-- What to produce --
Copy the data exactly. Images are the one exception.

-- Data --
-=-=-

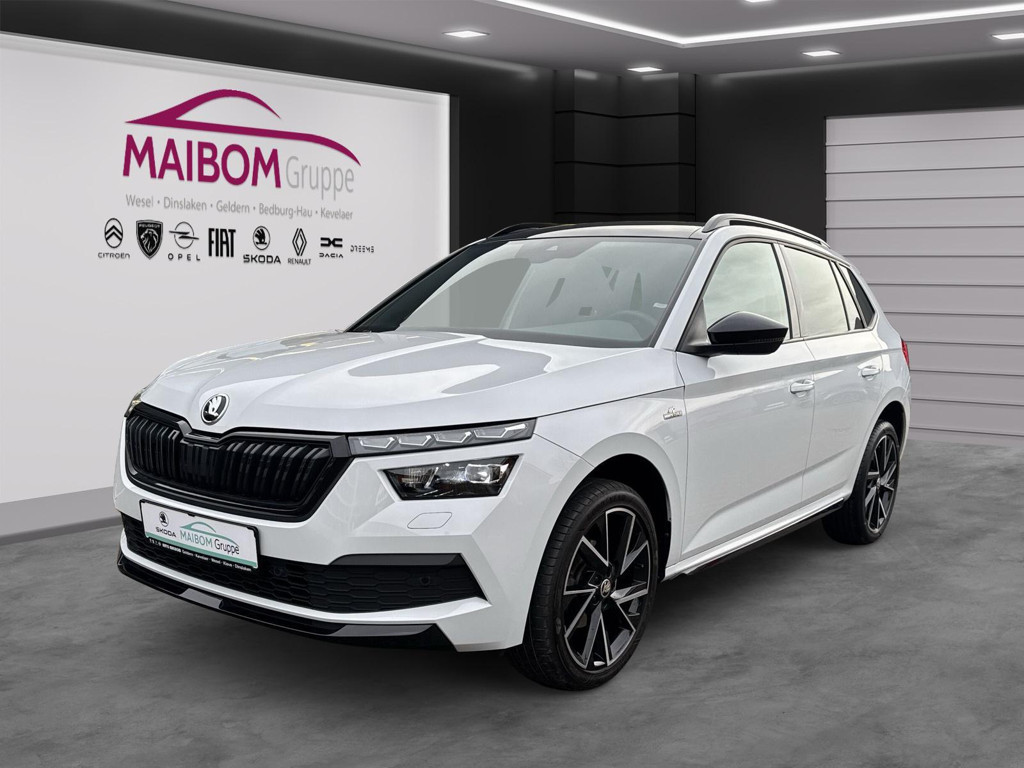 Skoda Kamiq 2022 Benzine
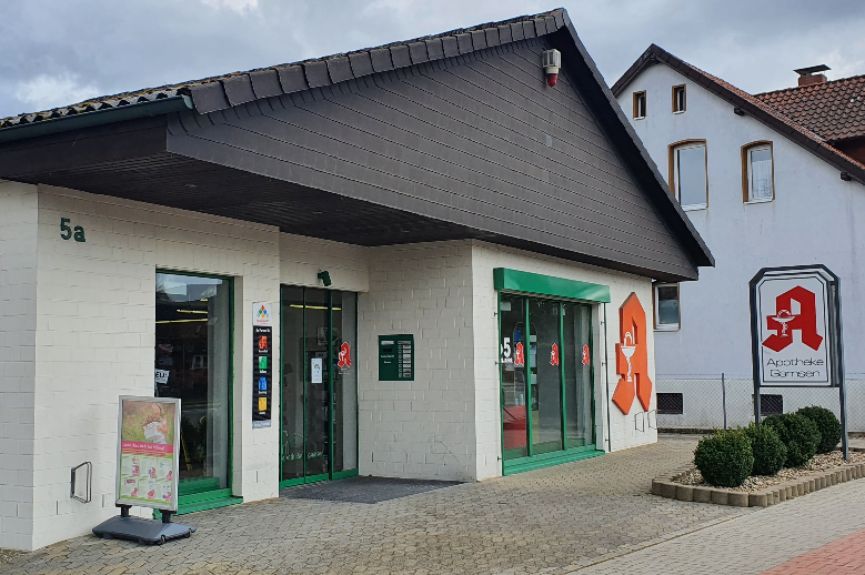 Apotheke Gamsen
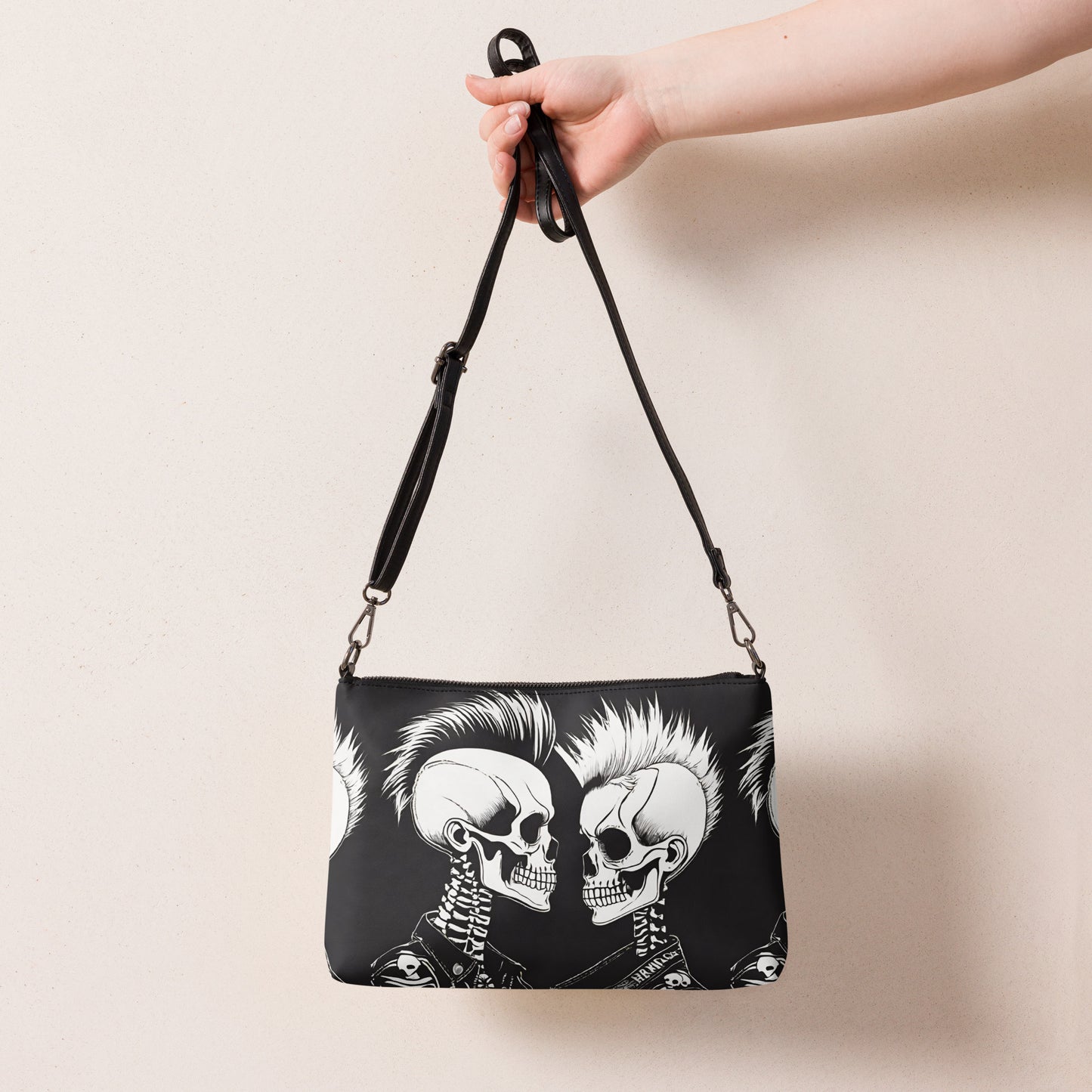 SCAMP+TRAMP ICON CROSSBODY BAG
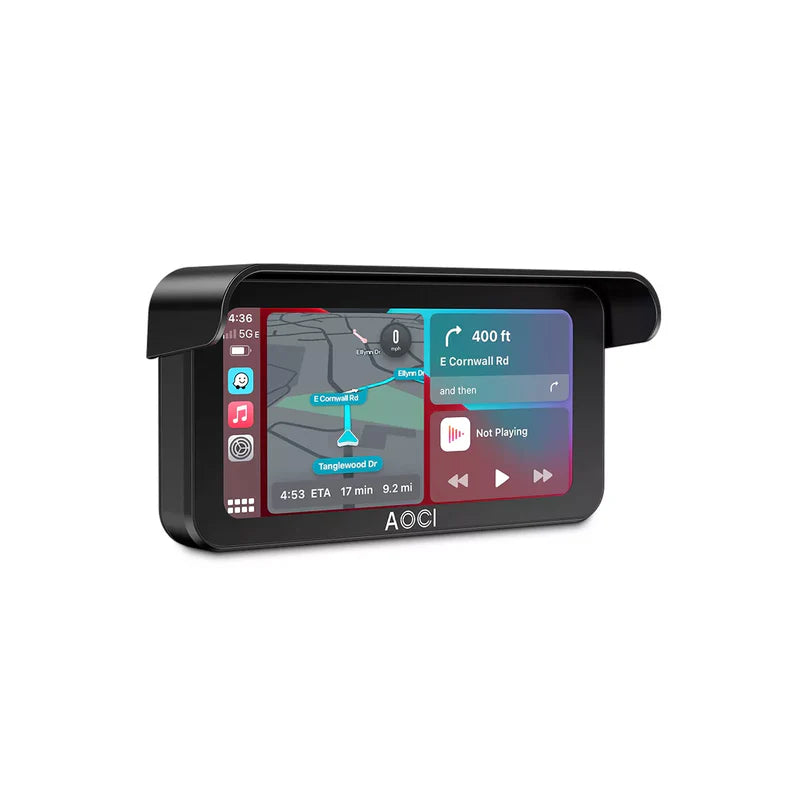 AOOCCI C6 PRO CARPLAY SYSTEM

-=-=-

-- Written response --
 Skoda Kamiq 2022 Benzine
 Apotheke Gamsen
 SCAMP+TRAMP ICON CROSSBODY BAG
 AOOCCI C6 PRO CARPLAY SYSTEM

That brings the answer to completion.